In the short video below, Prof. Steve Horwitz, the Charles A. Dana Professor and Chair Department of Economics at St. Lawrence University, goes through some of these reasons.

[youtube=http://www.youtube.com/watch?v=EwogDPh-Sow?version=3]

Some of it is obvious. But it’s still interesting. The last time I really talked about these things was in school, when career choices and childbearing were just theoretical issues as opposed to life events. As someone who chose a second career that pays lower than my first career, I see how career choices early on can have a profound effect on your lifetime income. I’m happy with my decision to become a reporter — elated, in fact — but I wonder if younger people shouldn’t be given a bit more information on how these career decisions can pay out over the long haul. For that matter, I’ve long held that women and men should be given much more information about how to effectively balance work and the rest of their lives.
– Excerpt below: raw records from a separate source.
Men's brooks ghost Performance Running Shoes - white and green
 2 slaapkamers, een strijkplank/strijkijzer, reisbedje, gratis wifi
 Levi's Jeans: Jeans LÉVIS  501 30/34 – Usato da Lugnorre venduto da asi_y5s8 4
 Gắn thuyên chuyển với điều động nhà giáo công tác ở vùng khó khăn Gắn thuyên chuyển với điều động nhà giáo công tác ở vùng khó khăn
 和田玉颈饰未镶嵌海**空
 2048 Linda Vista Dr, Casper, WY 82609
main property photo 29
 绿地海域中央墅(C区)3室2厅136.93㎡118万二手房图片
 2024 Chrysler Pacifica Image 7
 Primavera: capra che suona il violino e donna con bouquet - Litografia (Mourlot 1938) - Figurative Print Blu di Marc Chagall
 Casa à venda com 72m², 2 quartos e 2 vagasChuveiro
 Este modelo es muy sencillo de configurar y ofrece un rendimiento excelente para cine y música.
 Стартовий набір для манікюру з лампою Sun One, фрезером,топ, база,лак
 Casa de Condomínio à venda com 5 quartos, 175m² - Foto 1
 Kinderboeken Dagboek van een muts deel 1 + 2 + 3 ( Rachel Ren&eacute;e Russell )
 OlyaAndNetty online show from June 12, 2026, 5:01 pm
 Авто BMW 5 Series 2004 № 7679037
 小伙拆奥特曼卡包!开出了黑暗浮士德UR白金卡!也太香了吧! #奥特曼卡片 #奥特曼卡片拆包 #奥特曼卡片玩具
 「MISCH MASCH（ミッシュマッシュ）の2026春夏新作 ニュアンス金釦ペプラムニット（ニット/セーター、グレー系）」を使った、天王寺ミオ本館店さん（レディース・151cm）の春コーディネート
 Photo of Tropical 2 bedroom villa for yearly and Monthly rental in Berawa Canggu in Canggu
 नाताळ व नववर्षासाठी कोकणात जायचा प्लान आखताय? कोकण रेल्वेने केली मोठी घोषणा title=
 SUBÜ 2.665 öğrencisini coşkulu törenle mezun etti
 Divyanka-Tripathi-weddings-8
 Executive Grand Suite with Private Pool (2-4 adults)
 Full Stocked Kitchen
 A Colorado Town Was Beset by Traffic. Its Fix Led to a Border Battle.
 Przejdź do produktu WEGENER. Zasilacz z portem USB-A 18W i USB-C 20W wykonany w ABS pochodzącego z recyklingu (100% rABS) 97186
I was thinking extensively about it from a young age but I know many of my friends were not. A bit more flexibility or knowledge would probably be helpful for many.

Likewise, childbearing (to some extent) and childrearing (to a large extent) can also have profound effects on one’s wages and income. Because I get so much value from being at home with my children (indeed, I’m a bit melancholy about sending my oldest off to school tomorrow), I’m happy to reorder my professional life so as to get that time with my children. I would not trade this for the world. As in, I’m happy to keep up with my professional life and to earn money for the household, but even with very high pay, I wouldn’t be willing to do much more work than I do now. But having said that, there is a trade-off here. My income is not as high as it otherwise would be.

When you control for career choices and time spent out of the work force raising children, there is still a gap in wages, albeit a small one. And of course career choices and childrearing choices could be result of personal preferences (like mine) or sexist cultural expectations. Those are much more harder to quantify from a statistical standpoint.